### EXERCISE AIM
Find the line containing "214 Lester Ave, Florence, SC 29501", then return it and every line after it through the end of the records, exactly. Leave out pictures.

───── MATERIAL FOR THIS EXERCISE

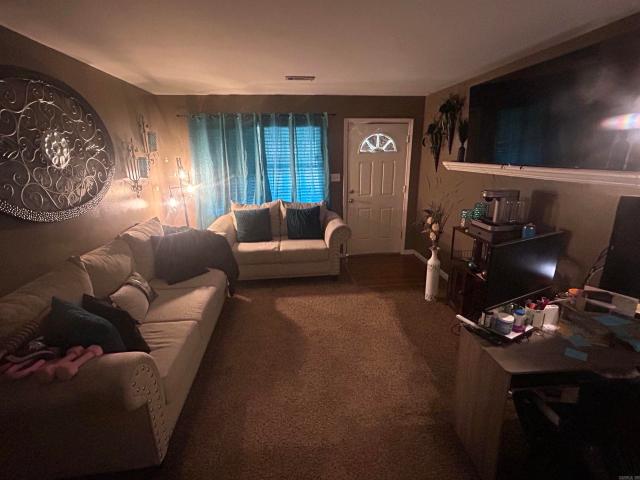 House for sale in Ark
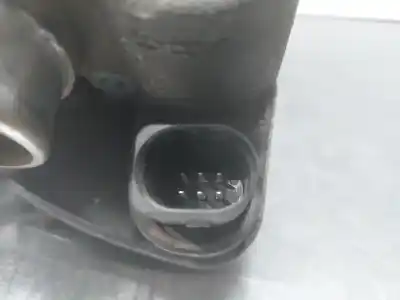 Peça sobressalente para automóvel em segunda mão borboleta de admissão por mini mini (r50, r53) cooper referências oem iam 13547509043  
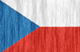 Rep Checa CZK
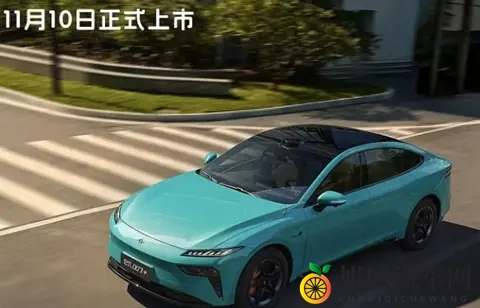 1499万起，东风奕派eπ007+预售：深蓝L06的影子？还敢那么贵！-2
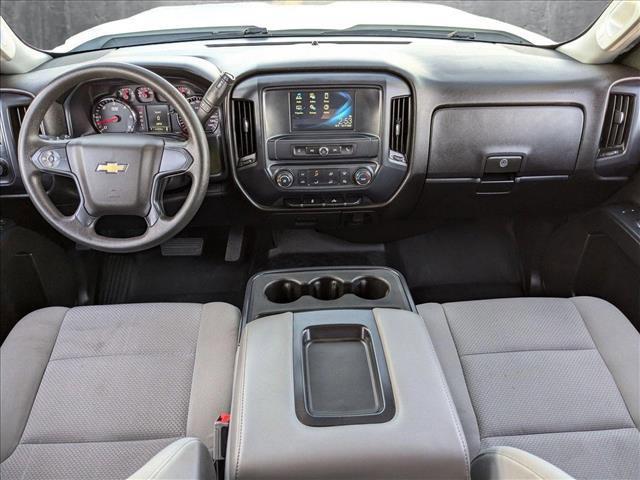 used 2019 Chevrolet Silverado 2500 car, priced at $38,749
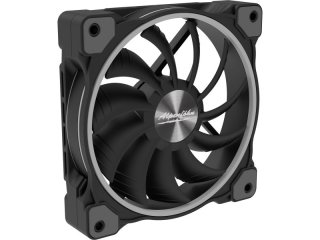 Alpenföhn Wing Boost 3 ARGB High Speed 12cm 3db-os szett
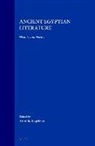 Antonio Loprieno, Antonio Loprieno - Ancient Egyptian Literature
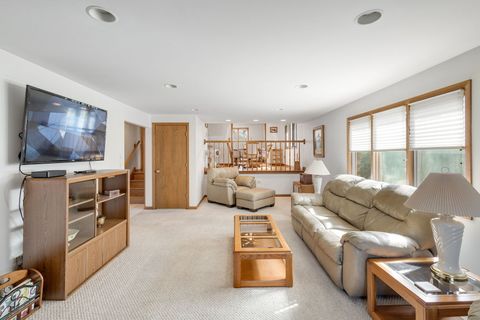 Tiny photo for 14632 Kostner Avenue, Midlothian, IL 60445 (MLS # 12488849)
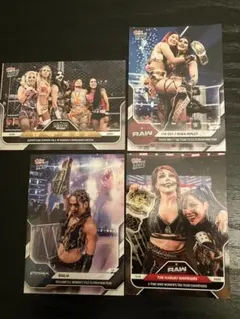 2026年最新】WWEの人気アイテム - メルカリ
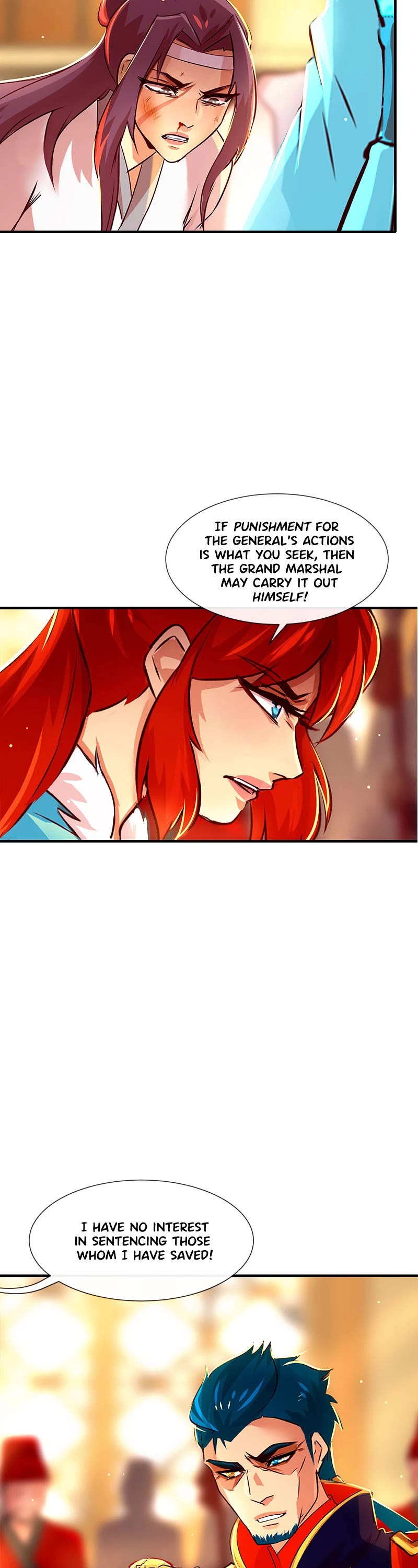 SubZero Chapter 99 - Page 50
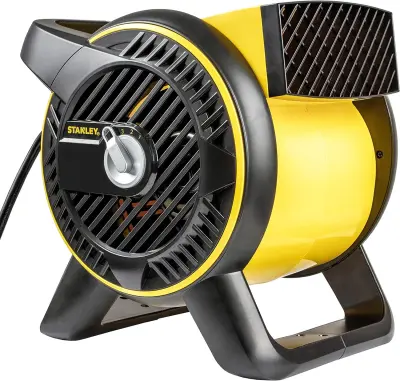 INDUSTRIJSKI VENTILATOR 85W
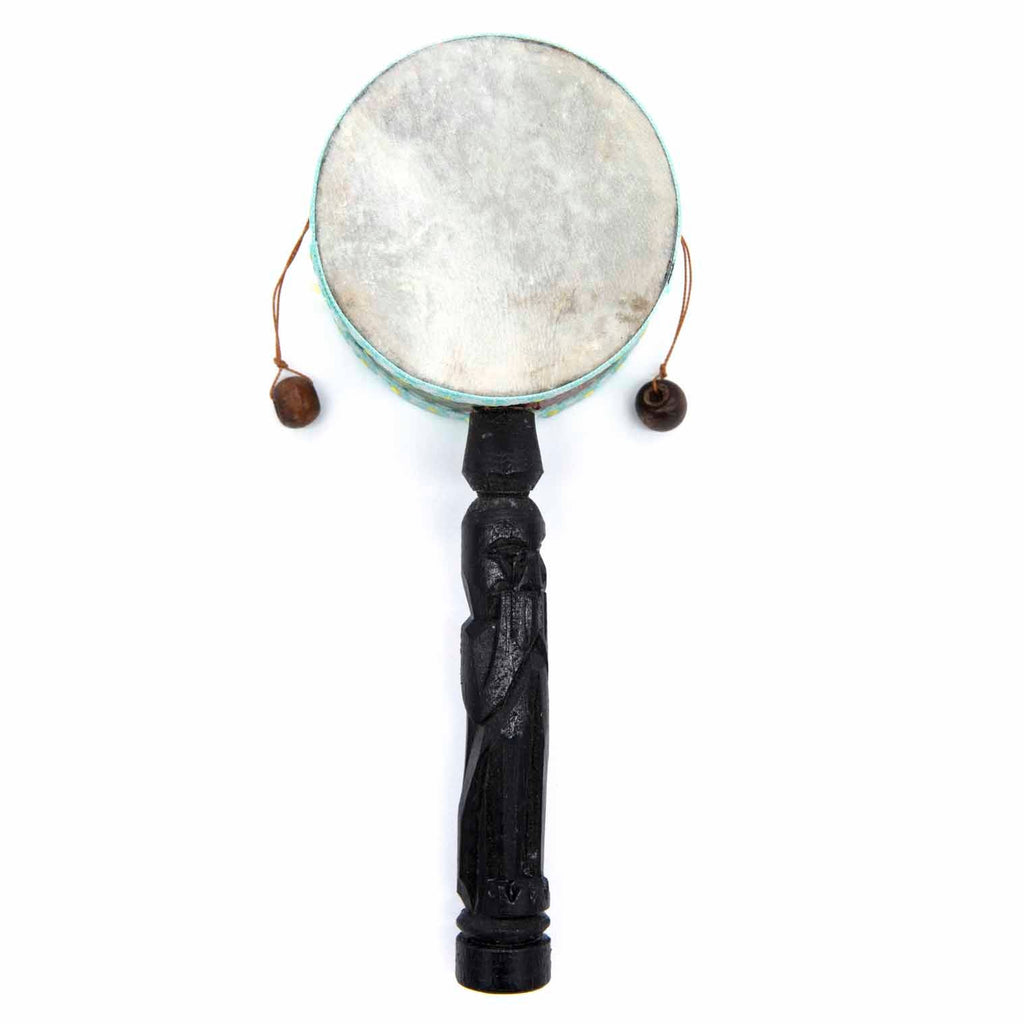 Double Hand Drum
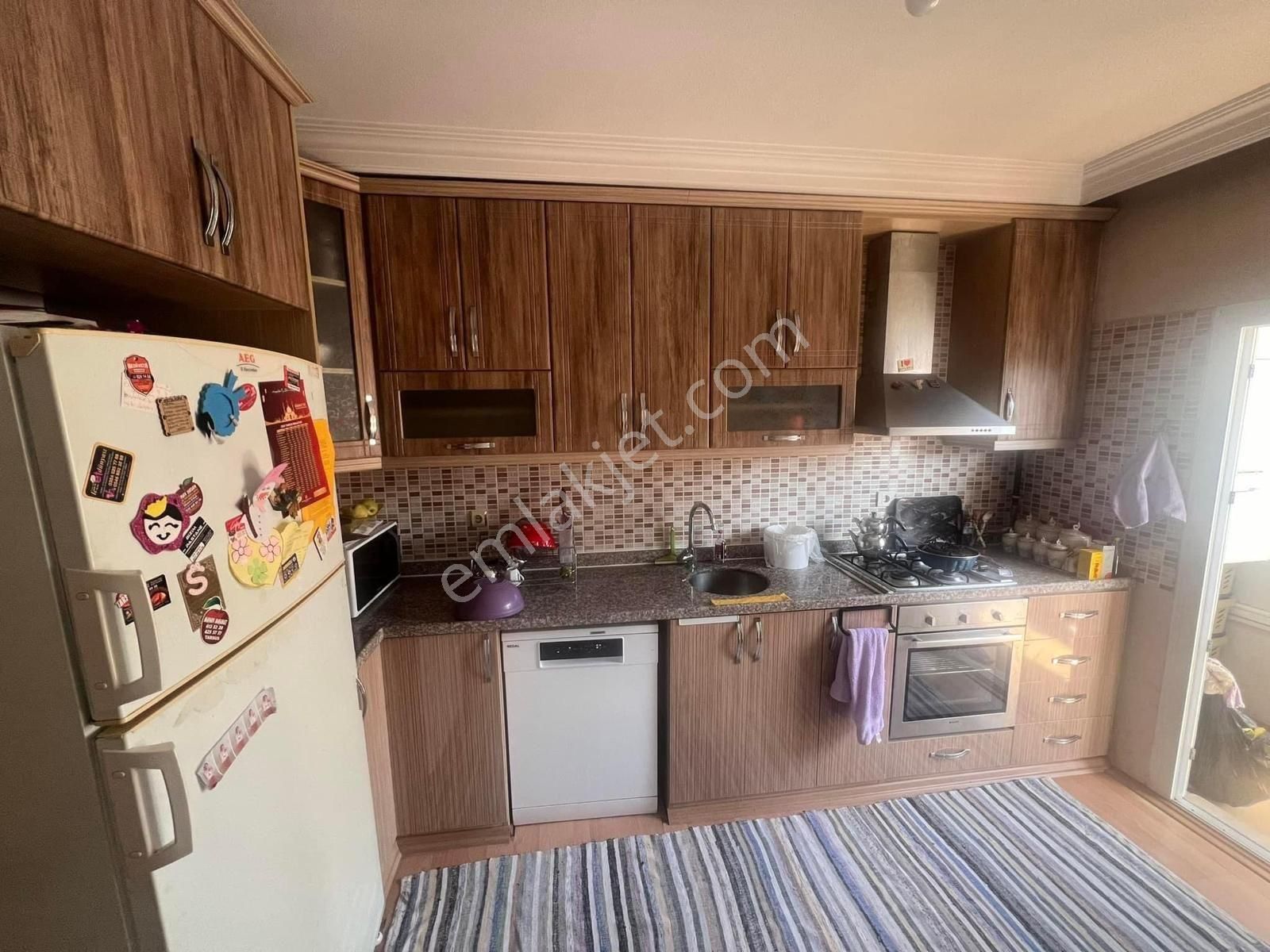 Tarsus Akşemsettin Satılık Daire RA GAYRİMENKUL'DEN AKŞEMSETTIN MH BAGIMSIZ MUTFAKLI SATILIK 3+1 DAİRE 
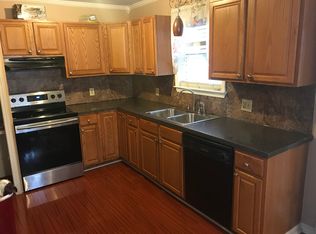 214 Lester Ave, Florence, SC 29501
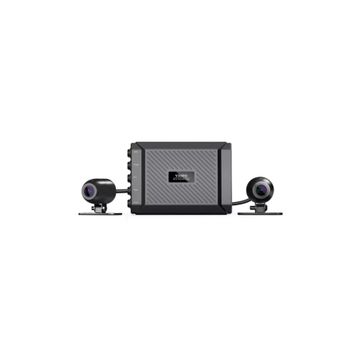 Viofo MT1 Full Hd Wifi Gps Motosiklet Ön Arka Kayıt Kamerası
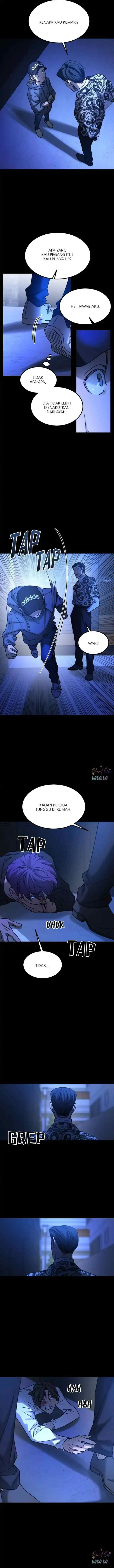 Get Back chapter 125 halaman 11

──────────

### EXPECTED ANSWER
 214 Lester Ave, Florence, SC 29501
 Viofo MT1 Full Hd Wifi Gps Motosiklet Ön Arka Kayıt Kamerası
 Get Back chapter 125 halaman 11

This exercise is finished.